I don’t mean to say that this year’s showcase isn’t funny. In fact, my two favourite pieces in the mix could be called comedies, or at least dark comedies. The first is Adam Esquenazi Douglas’ Game Over: a Suicide Note, a one-man show that can only really be described as Existential Mario. Douglas mines the absurdity of the improbably varied Mario universe and finds poignancy in the video game hero’s endless, autonomy-less existence (and, most touchingly, in the profession of plumbing as a calling). Despite looking less like the iconic Mario than I do, Mitchell Court is splendid in the role, balancing the comfortingly familiar catchphrases with heartbreaking hopelessness and just a touch of the mania of a man who’s spent his life collecting coins and dodging shells.

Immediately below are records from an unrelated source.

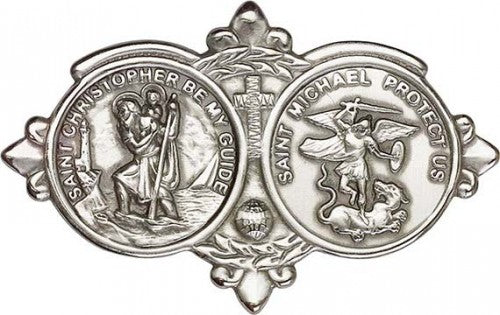 Antique Silver St. Christopher / St Michael Visor Clip 1034V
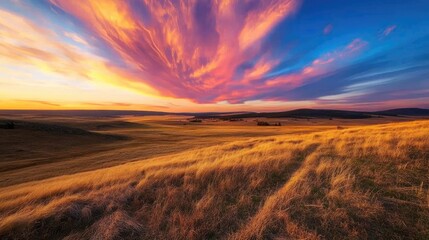 A colorful sunset sky over a vast open field, casting long shadows and a warm glow across the landscape.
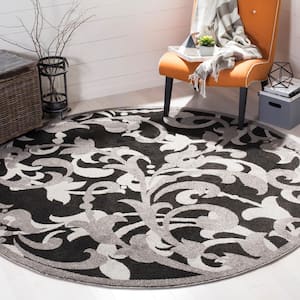 Amherst Anthracite/Light Gray 7 ft. x 7 ft. Round Border Area Rug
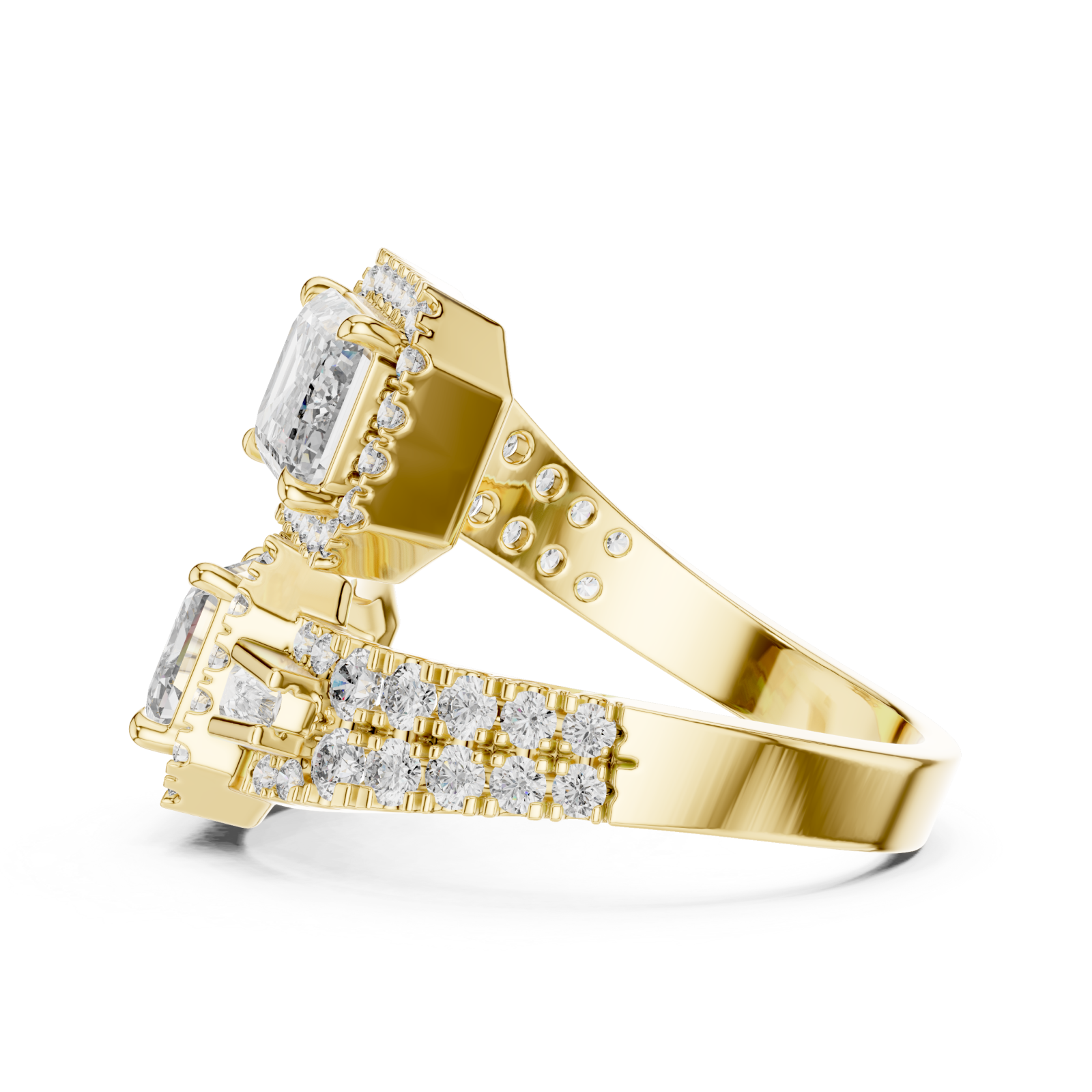  Gold Vivid Twin Pavilion Architectural Ring Side View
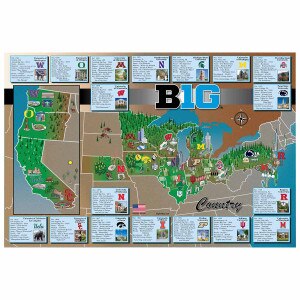 Big Ten map with all 18 member universities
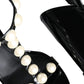 Dolce & Gabbana Black Leather Pearls T-strap Sandals Shoes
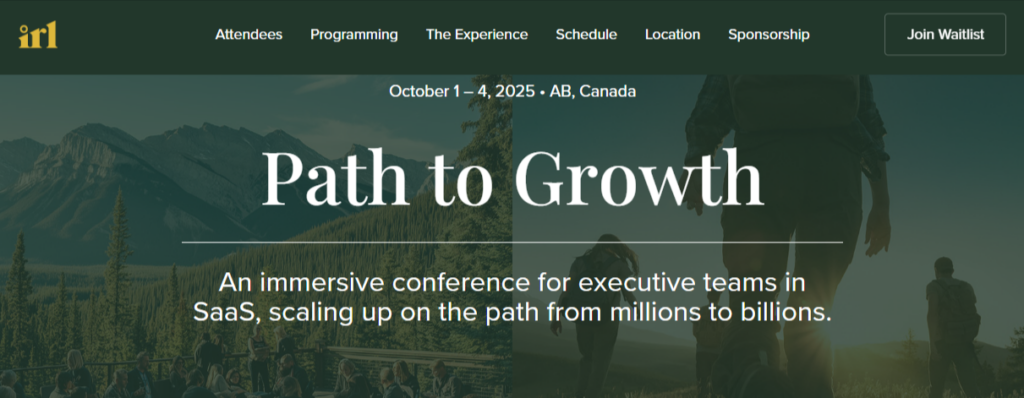 Banner for the IRL conference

The showcase’s middle two pieces are less memorable though still fairly strong. For In Black and White, Artistic Director Martin Chodorek (the evening’s charmingly informal host) cast 2011 My Theatre Award nominee Martha Girvin and our very own Leeman Kessler in a dance of ambiguous nature, at least in the beginning. As playwright Michael Trottier’s darkly sad premise unveils itself, Girvin and Kessler work pieces of honesty into their carefully crafted plays on film noir archetypes. It’s a study in precision that works splendidly at moments and gets a little lost in others (though I will say that the whole affair would have been greatly helped along by a little sexier costuming; poor Girvin is working doubletime to overcome her surprisingly dowdy getup).

Chloe Whitehorn’s Wasting Time comes next after intermission (I said this last year but why are we doing intermission for an hour show?) and, though startling in its intensity, it was the only one of the four plays that left me wanting more from both a storytelling and character development standpoint. I suppose some sort of rumination on parallel timelines is to be expected in a geek-focused showcase, especially one that’s darker in tone, but I didn’t get much intellectual conclusion from Whitehorn’s text. Victoria Urquhart’s direction is strong (the fight choreo is excellent, though the scene transitions are too slow) and the actors (Adam Cresswell and Jeffrey Henderson) deliver the terror, defiance, conflict and intimidation that the audience needs from them. But what it all leads to I’m still not too sure.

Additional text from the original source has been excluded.